**WORK TO BE COMPLETED:**
Output the span of lines from the one that contains "Bâteau absorbé par la forêt" through the end of the records, inclusive, exactly as written and free of pictures.

------------

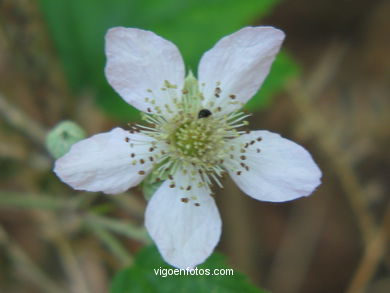 FLOWERS AND WILD PLANTS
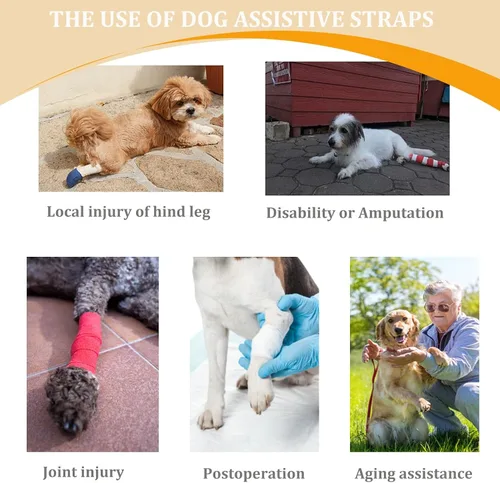 Vista 7 de Arneses tipo halter para perros, arnés de elevación ajustable para perros grandes, cabestrillo para perros medianos, soporte de pierna trasera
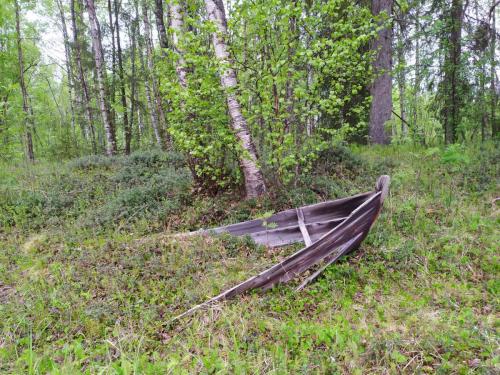 Bâteau absorbé par la forêt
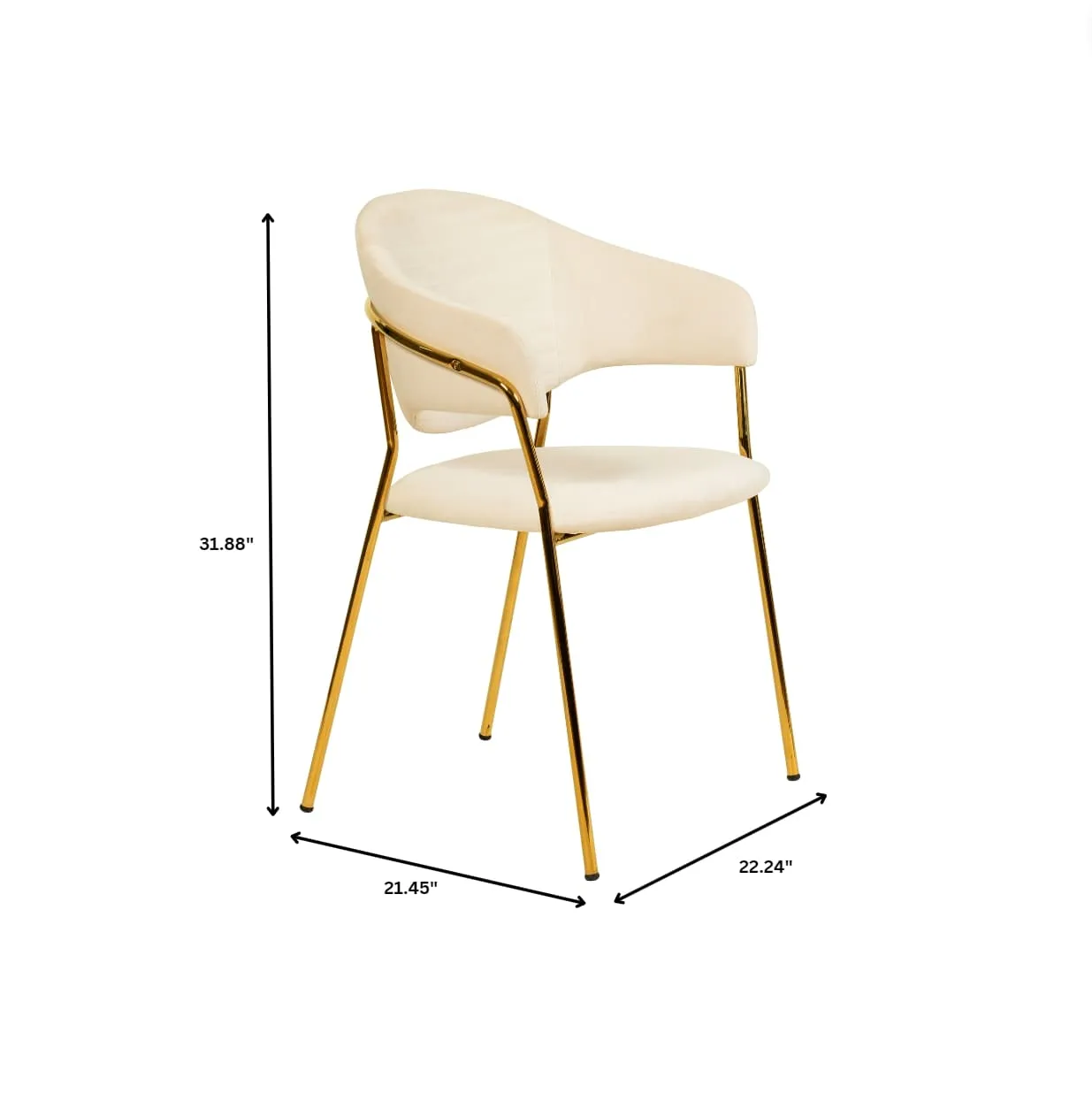Bella Modern Dining Chair Upholstered in Leather With Stainless Steel Base Set of 2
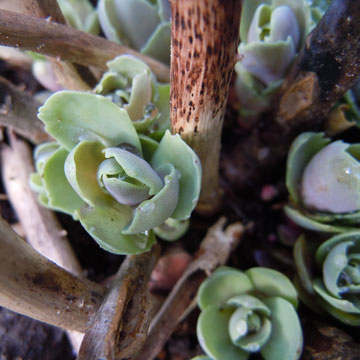 sedum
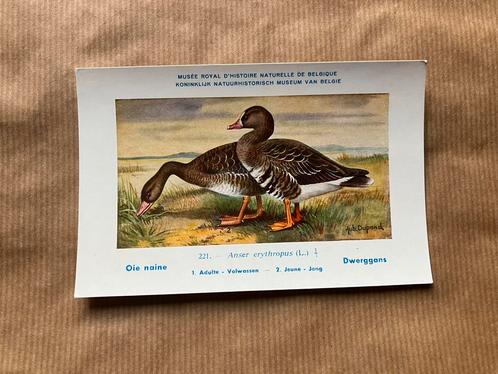 Vogels der Belgische Fauna - Reeks 23, Boeken, Prentenboeken en Plaatjesalbums, Zo goed als nieuw, Ophalen of Verzenden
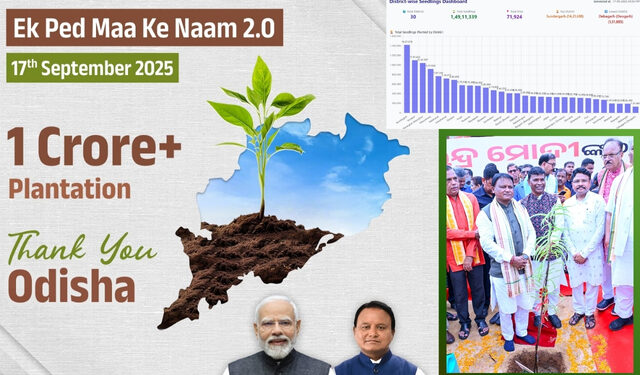 Odisha tree plantation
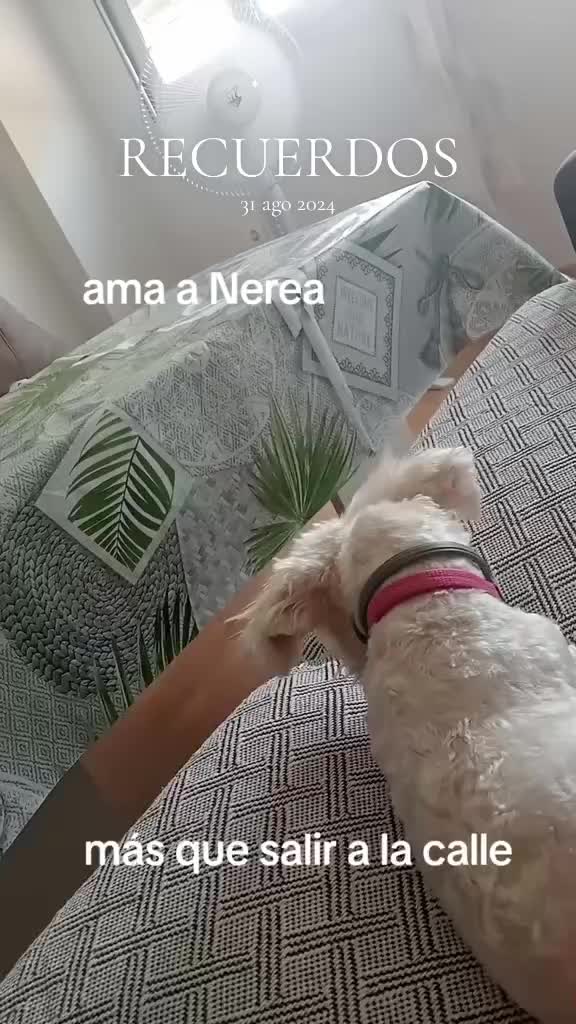 @Yasmina Lopez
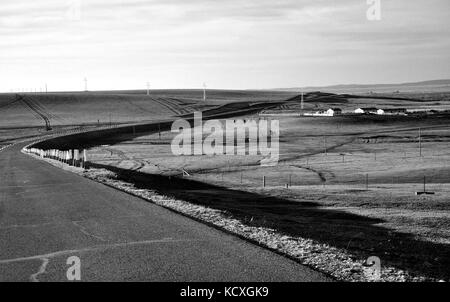 Mongolia Interna steppa Foto Stock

------------

**COMPLETED TASK:**
 Bâteau absorbé par la forêt
Bella Modern Dining Chair Upholstered in Leather With Stainless Steel Base Set of 2
 sedum
 Vogels der Belgische Fauna - Reeks 23, Boeken, Prentenboeken en Plaatjesalbums, Zo goed als nieuw, Ophalen of Verzenden
 Odisha tree plantation
 @Yasmina Lopez
 Mongolia Interna steppa Foto Stock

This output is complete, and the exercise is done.